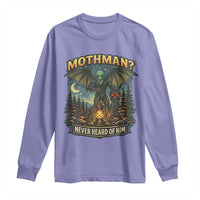 Funny Mothman Cryptid Believer Long Sleeve Shirt Never Heard Of Him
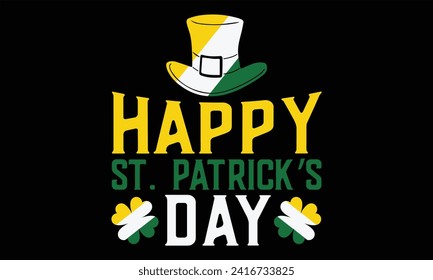 Happy St. Patrick’s Day - St. Patrick’s Day T shirt Design, Handmade calligraphy vector illustration, Cutting and Silhouette, for prints on bags, cups, card, posters.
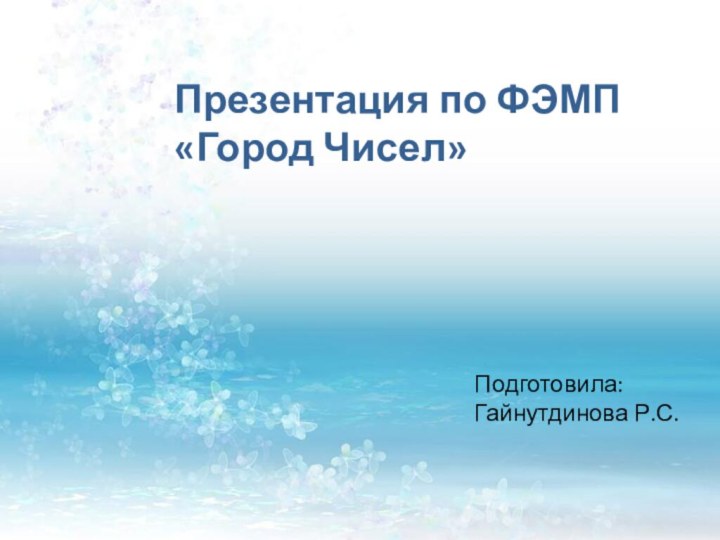 Презентация по ФЭМП «Город Чисел»Подготовила: Гайнутдинова Р.С.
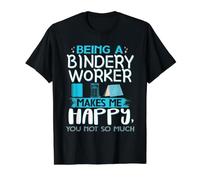 Being A Bindery Worker Makes Me Happy You Not So Much Value Graphic T-Shirt, Men, Black, S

☆ ☆ ☆ ☆

Whenever a picture appears in the listing, leave it out; copy everything else exactly.

 Funny Mothman Cryptid Believer Long Sleeve Shirt Never Heard Of Him
 Happy St. Patrick’s Day - St. Patrick’s Day T shirt Design, Handmade calligraphy vector illustration, Cutting and Silhouette, for prints on bags, cups, card, posters.
 Презентация по ФЭМП «Город Чисел»Подготовила: Гайнутдинова Р.С.
 Being A Bindery Worker Makes Me Happy You Not So Much Value Graphic T-Shirt, Men, Black, S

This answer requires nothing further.